# RadioBike - Lima, OH C-List



## Kato (Sep 4, 2017)

It's missing the radio and I'm not sure it's actually a RadioBike but thought I'd post it up just in case, especially based on the price.......$55.00        
Just posted 2 hrs ago

https://limaohio.craigslist.org/bik/d/1956-huffy-26-radio-bike/6292437268.html


----------



## fordmike65 (Sep 4, 2017)

I'd say the guard alone is worth more than the asking price.


----------



## Kato (Sep 4, 2017)

fordmike65 said:


> I'd say the guard alone is worth more than the asking price.




That's what I was thinking as long as the bike is legit
Some good parts there for somebody that needs them.......


----------



## catfish (Sep 4, 2017)

Good deal.


----------



## buck hughes (Sep 4, 2017)

I bought the bike.-bike is straight in original paint-serial #8H549478.


----------



## fordmike65 (Sep 4, 2017)

buck hughes said:


> I bought the bike.-bike is straight in original paint-serial #8H549478.
> 
> View attachment 671041



Nice score Tom. No brainer right there.


----------



## Saving Tempest (Sep 4, 2017)

fordmike65 said:


> Nice score Tom.

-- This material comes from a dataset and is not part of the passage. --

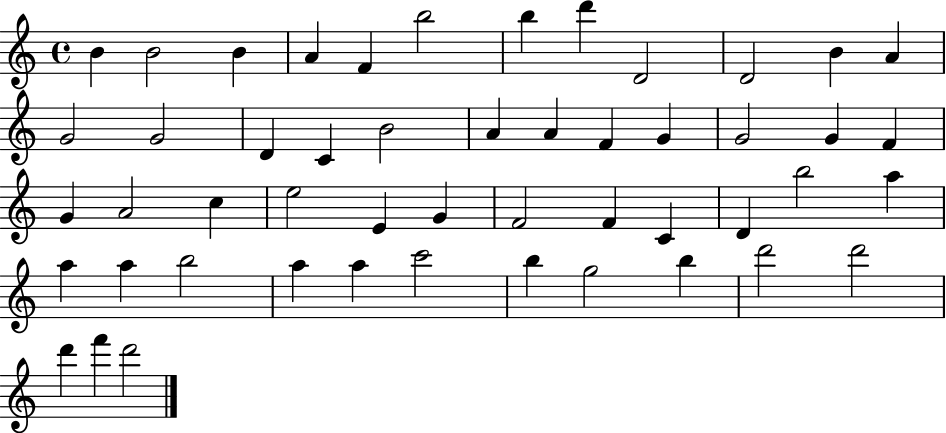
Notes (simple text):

B4/q B4/h B4/q A4/q F4/q B5/h B5/q D6/q D4/h D4/h B4/q A4/q G4/h G4/h D4/q C4/q B4/h A4/q A4/q F4/q G4/q G4/h G4/q F4/q G4/q A4/h C5/q E5/h E4/q G4/q F4/h F4/q C4/q D4/q B5/h A5/q A5/q A5/q B5/h A5/q A5/q C6/h B5/q G5/h B5/q D6/h D6/h D6/q F6/q D6/h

No brainer right there.




*AAAA-GREE!*


----------



## SCHWINN TWIN (Sep 4, 2017)

buck hughes said:


> I bought the bike.-bike is straight in original paint-serial #8H549478.
> 
> View attachment 671041



HELLO, I SAW YOU JUST BOUGHT THIS RADIO BIKE, ARE YOU GOING TO RESELL  IT?  I AM LOOKING FOR A RADIO BIKE FRAME, DON'T NEED THE TANK AND ALL, JUST NEED A CRUISER.  IF YOU ARE GOING TO SELL IT, I AM IN NEED OF A RADIO BIKE FRAME. I WAS AT MEMORY LANE WHEN YOU BOUGHT THE FULL RADIO BIKE.  THANKS FOR YOUR TIME.   KIM


----------



## partsguy (Sep 5, 2017)

A very rare 1958 model. He got a deal here!


----------



## New Mexico Brant (Sep 5, 2017)

How does that seat ride Tom?  It looks like a marshmallow!


----------



## partsguy (Sep 5, 2017)

That is a seat cover. No doubt, it MIGHT be a pristine original seat under there! this bike would have had a white saddle with red seams.


----------



## buck hughes (Sep 5, 2017)

first thing I did was take the seat off!!!!


----------